• _YOUR GOAL_: Every entry in the following data should be output exactly.

□ □ □ □ □ □ □

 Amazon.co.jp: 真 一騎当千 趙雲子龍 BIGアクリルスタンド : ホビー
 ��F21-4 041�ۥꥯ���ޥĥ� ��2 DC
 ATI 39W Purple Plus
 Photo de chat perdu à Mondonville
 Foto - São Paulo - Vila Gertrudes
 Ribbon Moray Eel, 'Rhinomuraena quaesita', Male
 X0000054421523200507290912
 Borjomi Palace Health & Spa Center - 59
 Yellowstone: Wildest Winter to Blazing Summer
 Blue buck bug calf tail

□ □ □ □ □ □ □

• _OUTPUT_:
 Amazon.co.jp: 真 一騎当千 趙雲子龍 BIGアクリルスタンド : ホビー
 ��F21-4 041�ۥꥯ���ޥĥ� ��2 DC
 ATI 39W Purple Plus
 Photo de chat perdu à Mondonville
 Foto - São Paulo - Vila Gertrudes
 Ribbon Moray Eel, 'Rhinomuraena quaesita', Male
 X0000054421523200507290912
 Borjomi Palace Health & Spa Center - 59
 Yellowstone: Wildest Winter to Blazing Summer
 Blue buck bug calf tail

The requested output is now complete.